Hookworm-related cutaneous larva migrans (HrCLM) is a clinical diagnosis based on a history of exposure to contaminated soil and is associated with a characteristic red serpiginous lesion that migrates within the epidermis. Our patient presented with a red, tortuous migratory rash with localized pruritus on the left plantar foot of 1-month duration. He lacked recent travel history outside the southeastern United States. Upon admission, he presented with peripheral blood eosinophilia, an uncommon feature of HrCLM. A single dose of ivermectin was sufficient for treatment, and symptoms resolved within 3 days. This case highlights the increased incidence of domestically acquired hookworm infections, explores this epidemiological shift, and emphasizes relevant differential diagnoses.

1. Introduction

An estimated 500 million individuals in developing tropical and subtropical countries are infected with hookworms [1]. Unlike the human hookworms, the dog hookworm, Ancylostoma braziliense, and cat hookworm, A. caninum, do not intentionally target humans. However, they can incidentally infect humans percutaneously, and this zoonotic parasitic infestation results in hookworm-related cutaneous larva migrans (HrCLM) [2]. HrCLM classically presents as an erythematous, slightly raised, serpiginous or linear skin lesion that migrates within the epidermis. The phenomenon is known as a “creeping eruption” or “creeping dermatitis” [3].

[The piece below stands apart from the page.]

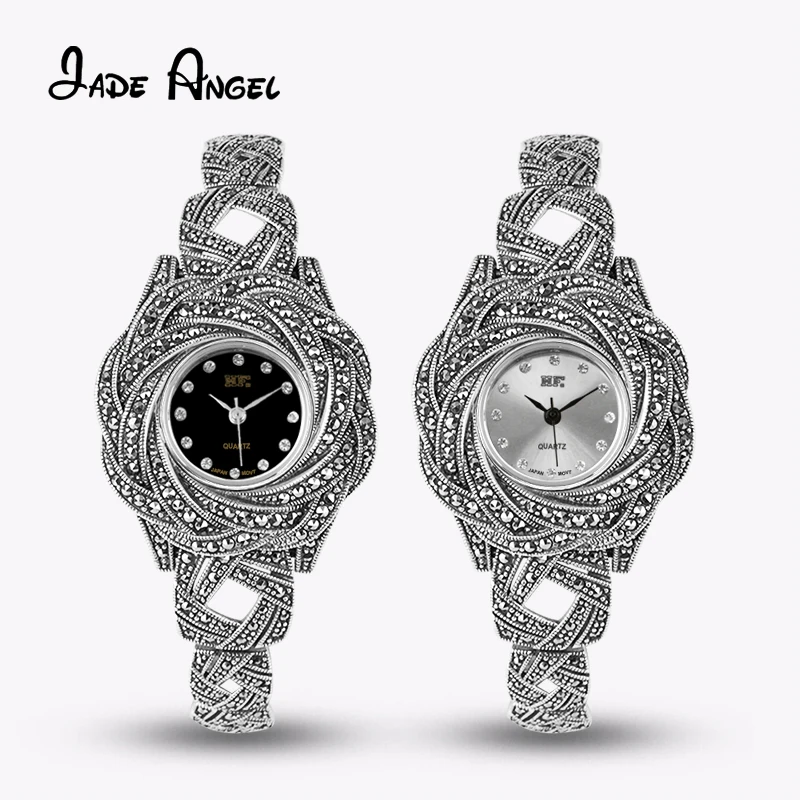 JADE ANGEL 925 Sterling Silver Watch Jewelry Simple Beautiful Retro Rose Flower Ladies Bracelet 2022 New Fashion Ladies Bracelet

A. braziliense and A. caninum reside in the gastrointestinal tracts of dogs and cats. Their eggs are expelled in animal feces and deposited in the soil [2]. The consequent infective larvae can penetrate the corneal layer of the epidermis on any areas of exposed human skin that come into contact with contaminated soil. This typically occurs through the soles of individuals walking barefoot outside. Common sources of infection include beaches, sandboxes, and crawl spaces under dwellings, but any soil that may come in contact with animal droppings can be a potential reservoir [4]. The larvae produce hyaluronidase and a protease that allows their intradermal passage [3]. They cannot further develop in their incidental human host and are stuck migrating aimlessly within the epidermis until the larvae die. Consequently, HrCLM is innately self-limiting and resolves in as little as a few weeks to as long as a year [5].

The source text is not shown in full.